UCLA continued to find success out of half. Their handler core punished UCSD every time they surrendered the deep space, with Athena Lynch and Erin Doyle hucking around UCSD’s defensive handler sagging scheme. The tide only truly turned when UCLA was up 9-7 and couldn’t convert on a break chance that would have sunk UCSD into a three-point hole. Instead, the defending national champs earned the disc back and worked it to the front of the end zone, running a clinical handler weave that most coaches would kill to see. After converting, UCSD broke on the very next point after a hooked pass from UCLA’s handlers gave D-Co a short field to work with. Just like that, the teams were tied at 9-9.
“We never panicked, even when we were down,” said Diaz. “We knew it wasn’t as easy of a game, but we also knew there was nothing we could do but play as we know how. We knew the mistakes we were making were fixable. …It’s an opening tournament, we’re going to be working out the kinks.”
With the game tied, UCSD appeared to have worked out the last of their kinks. On the endzone line, Diaz made a chest-high layout block to stop BLU in their tracks, and then kept the momentum going by collecting the disc every other pass, straight through to the opposite end zone, adding another break to UCSD’s tally and giving them the lead for the first time all game. UCLA didn’t know it then, but that sealed the game for them.
The teams traded holds, only for UCSD to come up huge again on the final point of the game, earning a final break by working it through Samantha Wool and Lauren Hanna for the goal.
Resilience was the operative word to describe UCSD in that game, but also all weekend. The team dealt with adversity from the get-go, as they were missing coaches Carlo Mosca and Alisha Stoun, who stayed in San Diego after Alisha gave birth to their daughter, Sylvie Leona, on Friday night. In their stead, Avery Jones, Rebecca Ellis, and Kelli Iwamoto took charge of coaching duties, guiding the team to their perfect record. Losing their head coaches wasn’t the only struggle: Pin-Hsuan Chen, one of the team’s star cutters, played through a fever the entire weekend, and they lost Emily Kunselman, a standout defender, to an ankle injury early on day two.
Still, it was easy to see why this team was the best at the tournament. Alex Diaz is a legitimate star, and has been ably filling the hole left by Dena Elimelech. UCSD has also had many other role players step up, like Catherine Trevino and Sara Zhang, who played major minutes for the squad this past weekend. Trevino particularly caught the attention of her captains this weekend. “She continuously was making all the right decisions as a handler and always getting open downfield,” said Wool, another UCSD captain.
Apart from the loss of Elimelech, the biggest question for UCSD heading into this season was their handler core. Losing the likes of Iwamoto, Ellis, Leanne Go, and others would be a huge problem for almost any college squad, but D-Co seemed to recover without blinking. Wool, Lauren Hanna, and standout rookie Maggie Pierce all took on more touches and performed admirably, albeit with plenty of room to grow.

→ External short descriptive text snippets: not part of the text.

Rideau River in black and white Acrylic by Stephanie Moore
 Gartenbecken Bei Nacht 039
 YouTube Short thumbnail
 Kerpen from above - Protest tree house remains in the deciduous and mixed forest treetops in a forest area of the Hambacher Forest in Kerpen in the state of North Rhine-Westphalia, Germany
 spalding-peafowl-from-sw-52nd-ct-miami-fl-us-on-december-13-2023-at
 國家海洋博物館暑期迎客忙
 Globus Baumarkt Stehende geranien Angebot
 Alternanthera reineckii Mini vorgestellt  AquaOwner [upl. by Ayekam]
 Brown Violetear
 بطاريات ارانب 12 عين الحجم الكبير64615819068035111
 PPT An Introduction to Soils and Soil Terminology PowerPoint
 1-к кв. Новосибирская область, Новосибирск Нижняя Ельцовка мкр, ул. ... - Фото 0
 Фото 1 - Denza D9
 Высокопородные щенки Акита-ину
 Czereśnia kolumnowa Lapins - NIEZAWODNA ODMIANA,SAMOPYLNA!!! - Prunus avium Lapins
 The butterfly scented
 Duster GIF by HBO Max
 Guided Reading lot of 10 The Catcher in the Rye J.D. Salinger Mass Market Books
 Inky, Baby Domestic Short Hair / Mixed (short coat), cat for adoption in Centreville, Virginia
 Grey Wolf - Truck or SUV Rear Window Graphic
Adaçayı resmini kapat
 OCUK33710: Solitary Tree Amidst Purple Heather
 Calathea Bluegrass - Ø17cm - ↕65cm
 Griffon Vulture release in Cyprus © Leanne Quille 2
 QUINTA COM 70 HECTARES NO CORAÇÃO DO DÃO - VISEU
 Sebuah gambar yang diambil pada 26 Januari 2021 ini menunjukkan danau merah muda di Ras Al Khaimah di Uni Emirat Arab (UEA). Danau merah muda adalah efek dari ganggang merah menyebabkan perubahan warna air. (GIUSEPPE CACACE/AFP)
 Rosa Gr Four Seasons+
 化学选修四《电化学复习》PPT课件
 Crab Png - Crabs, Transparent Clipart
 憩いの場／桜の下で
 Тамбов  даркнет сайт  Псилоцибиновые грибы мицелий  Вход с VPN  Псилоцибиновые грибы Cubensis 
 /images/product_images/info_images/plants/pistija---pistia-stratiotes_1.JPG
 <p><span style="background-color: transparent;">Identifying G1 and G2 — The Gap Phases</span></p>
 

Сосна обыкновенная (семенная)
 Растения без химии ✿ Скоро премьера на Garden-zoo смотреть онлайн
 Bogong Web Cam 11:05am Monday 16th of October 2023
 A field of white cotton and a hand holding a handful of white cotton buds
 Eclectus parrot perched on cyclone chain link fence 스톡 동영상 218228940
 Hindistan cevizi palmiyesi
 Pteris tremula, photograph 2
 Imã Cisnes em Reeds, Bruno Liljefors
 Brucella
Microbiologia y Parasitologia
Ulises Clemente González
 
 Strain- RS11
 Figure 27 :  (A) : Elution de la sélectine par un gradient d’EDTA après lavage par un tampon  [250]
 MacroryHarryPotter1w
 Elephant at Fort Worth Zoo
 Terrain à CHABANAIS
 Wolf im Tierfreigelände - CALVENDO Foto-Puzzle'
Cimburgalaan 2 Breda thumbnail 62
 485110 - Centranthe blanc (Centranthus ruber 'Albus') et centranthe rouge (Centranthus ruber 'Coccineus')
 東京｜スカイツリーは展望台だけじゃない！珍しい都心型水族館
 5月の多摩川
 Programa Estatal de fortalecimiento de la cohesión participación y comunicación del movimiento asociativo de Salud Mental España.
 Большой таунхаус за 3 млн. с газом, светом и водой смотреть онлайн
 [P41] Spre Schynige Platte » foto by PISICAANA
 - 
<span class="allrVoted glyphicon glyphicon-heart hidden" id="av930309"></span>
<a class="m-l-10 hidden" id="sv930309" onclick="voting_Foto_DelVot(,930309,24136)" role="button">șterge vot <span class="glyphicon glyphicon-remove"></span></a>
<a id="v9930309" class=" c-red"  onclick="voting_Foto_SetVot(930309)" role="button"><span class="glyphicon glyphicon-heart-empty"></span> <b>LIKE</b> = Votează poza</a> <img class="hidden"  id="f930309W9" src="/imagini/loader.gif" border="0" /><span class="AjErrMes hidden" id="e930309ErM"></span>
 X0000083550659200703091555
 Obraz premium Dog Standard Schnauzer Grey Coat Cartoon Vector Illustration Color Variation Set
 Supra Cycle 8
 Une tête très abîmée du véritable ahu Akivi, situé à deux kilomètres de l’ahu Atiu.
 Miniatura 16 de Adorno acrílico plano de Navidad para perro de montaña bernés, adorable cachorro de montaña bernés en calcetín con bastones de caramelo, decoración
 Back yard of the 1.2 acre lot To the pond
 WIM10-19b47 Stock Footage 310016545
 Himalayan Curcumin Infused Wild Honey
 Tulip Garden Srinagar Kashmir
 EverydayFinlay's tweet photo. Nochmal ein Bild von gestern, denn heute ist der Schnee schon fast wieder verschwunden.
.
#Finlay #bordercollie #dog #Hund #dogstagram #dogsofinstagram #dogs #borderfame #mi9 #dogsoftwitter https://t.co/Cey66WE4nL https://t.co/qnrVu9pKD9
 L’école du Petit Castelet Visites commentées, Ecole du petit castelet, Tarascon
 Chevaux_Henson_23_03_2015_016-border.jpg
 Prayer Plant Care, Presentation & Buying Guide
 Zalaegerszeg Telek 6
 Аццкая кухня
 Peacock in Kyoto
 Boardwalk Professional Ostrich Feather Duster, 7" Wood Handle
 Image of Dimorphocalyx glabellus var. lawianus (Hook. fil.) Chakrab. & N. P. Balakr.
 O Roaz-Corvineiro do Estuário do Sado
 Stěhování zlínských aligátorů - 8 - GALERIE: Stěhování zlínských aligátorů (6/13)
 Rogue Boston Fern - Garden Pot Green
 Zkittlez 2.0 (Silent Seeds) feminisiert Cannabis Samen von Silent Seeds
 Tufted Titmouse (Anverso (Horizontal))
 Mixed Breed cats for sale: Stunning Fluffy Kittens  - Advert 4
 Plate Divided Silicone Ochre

UCSD’s roster stepped up in a major way this weekend, but the real MVP was their system. They were miles ahead of their competition this weekend in regards to concise cutting and stack discipline. Everyone knows their role and they’re never under duress thanks to an unbreakable handler reset pattern. Much like last year, UCSD looked far better than any team should in January. While they executed their way to an undefeated weekend, every other team stumbled to at least two losses in Santa Barbara. Considering the parity on display this weekend, UCSD rising above it was all the more impressive. Make no mistake: they could very well still be the final boss battle for any teams with dreams of Nationals glory.
UCLA’s Depth Has Them Set Up for Future Glory
This may not have been the weekend that put #10 UCLA atop the Southwest, but it definitely put them on the map as legit.
BLU is an intimidatingly deep team, to the point where they had too many good players and not enough playing time to go around. There were games where all-star talents like Erin Doyle or Malia Smith didn’t need to play more than a handful of points because the rest of UCLA’s offensive unit was outperforming expectations.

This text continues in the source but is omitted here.